Quanto aos pedidos formulados com esse fundamento, o que o Autor defende é, no fundo, o seguinte: como a transmissão dos imóveis feita pelo Autor tinha em vista o divórcio prometido pela Ré, esta, ao recusar cumprir o acordo, fez com que o efeito pretendido pelo Autor deixasse de verificar; por isso, a deslocação patrimonial decorrente da transmissão tornou-se indevida e foi obtida pela Ré à custa do Autor.

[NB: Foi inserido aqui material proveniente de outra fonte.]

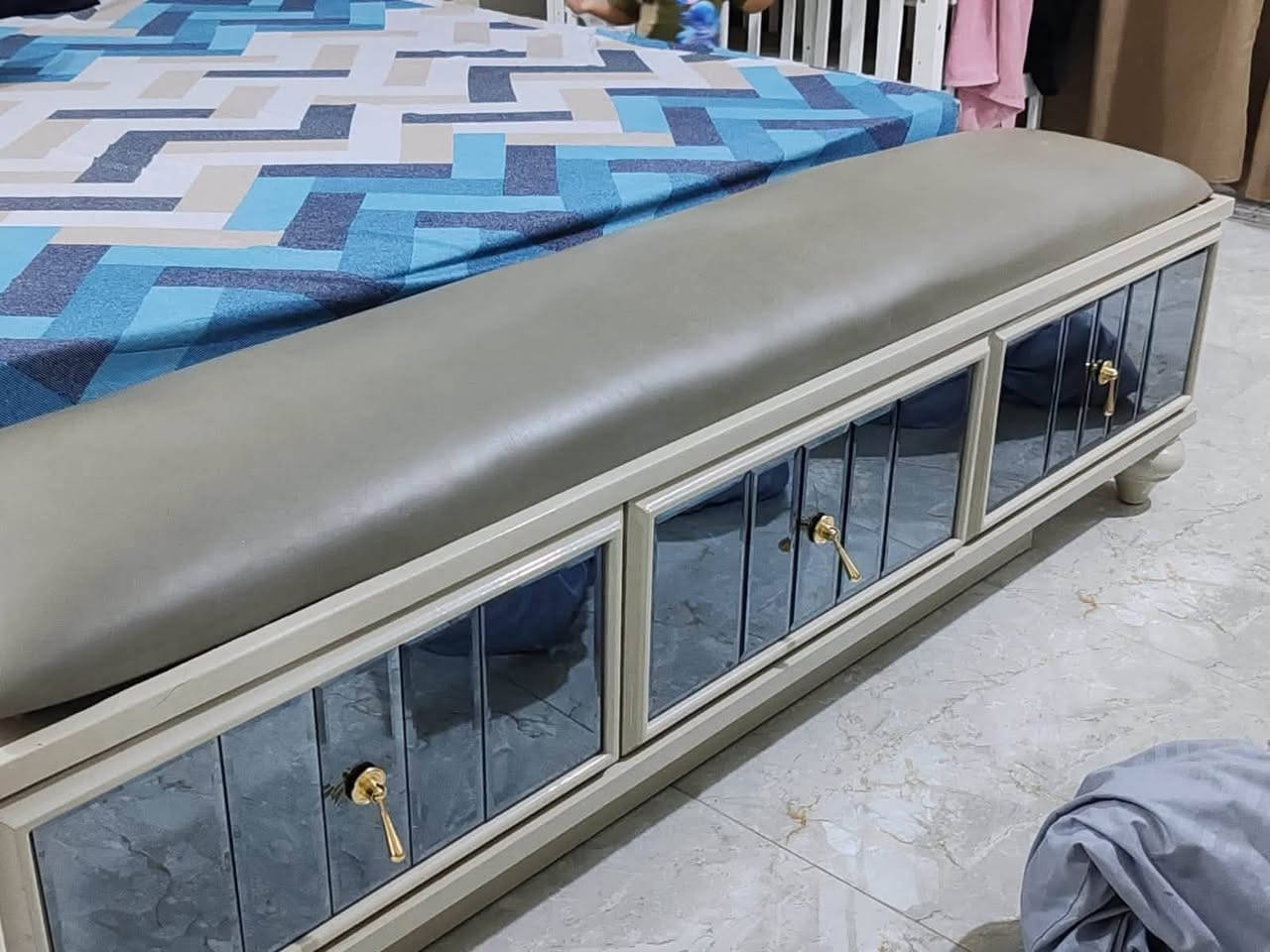 غرفه كلش نضيفه سعر 400 واتساب ***********
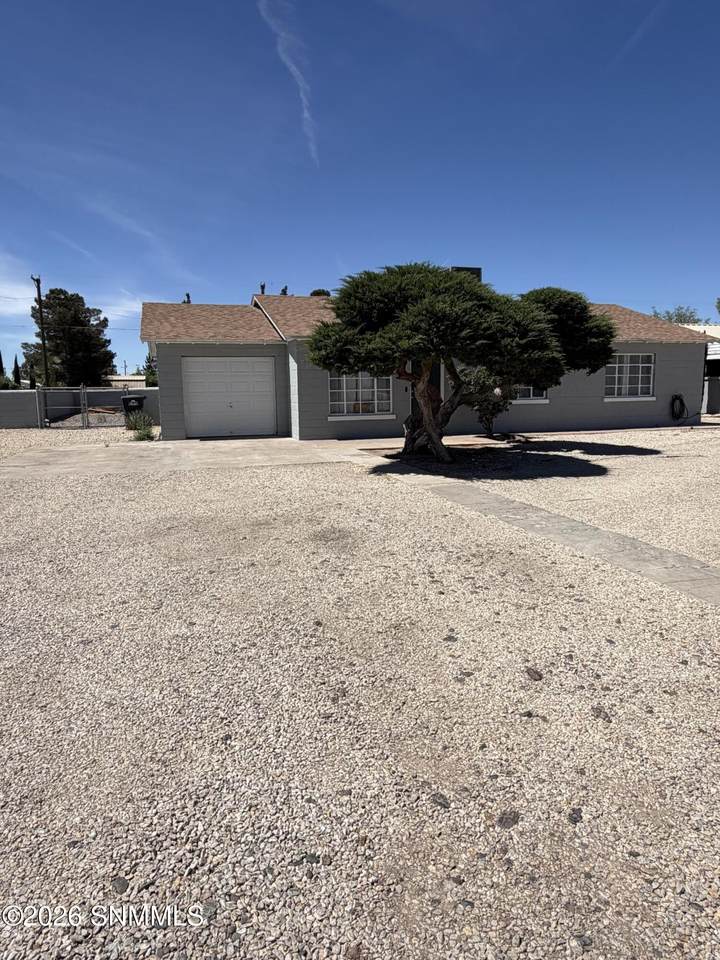 https://bt-photos.global.ssl.fastly.net/lascruces/1280_boomver_1_2601077-2.jpg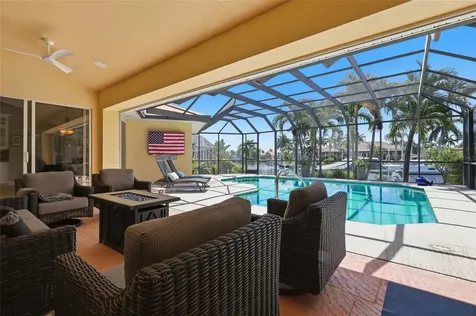 1233 Sea Breeze Court Punta Gorda FL 33950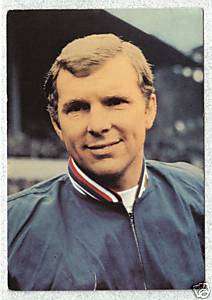 1970 World Cup Card (German) Bobby Moore England crease  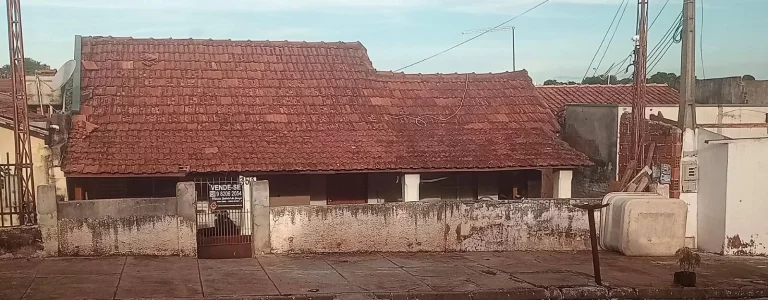 Imagem OTIMA CASA À VENDA NO CENTRO DE VALPARAISO SP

Nos termos do artigo 467º do CC, “1. Aquele que, sem causa justificativa, enriquecer à custa de outrem é obrigado a restituir aquilo com que injustamente se locupletou. 2. A obrigação de restituir, por enriquecimento sem causa, tem de modo especial por objecto o que for indevidamente recebido, ou o que for recebido por virtude de uma causa que deixou de existir ou em vista de um efeito que não se verificou.”
No plano dos factos, o que se verificou é o seguinte: as partes acordaram divorciar-se e, em virtude disto, acordaram também na transmissão que veio a concretizar-se sem que o divórcio tivesse tido lugar mantendo as partes ainda ligadas pelo casamento.
Numa primeira aproximação, a qualificação feita pelo Autor podia ser acertada visto que, conforme a matéria assente, as partes ainda estão casadas entre si. Ou seja, o efeito pretendido com a transmissão ainda não se verificou.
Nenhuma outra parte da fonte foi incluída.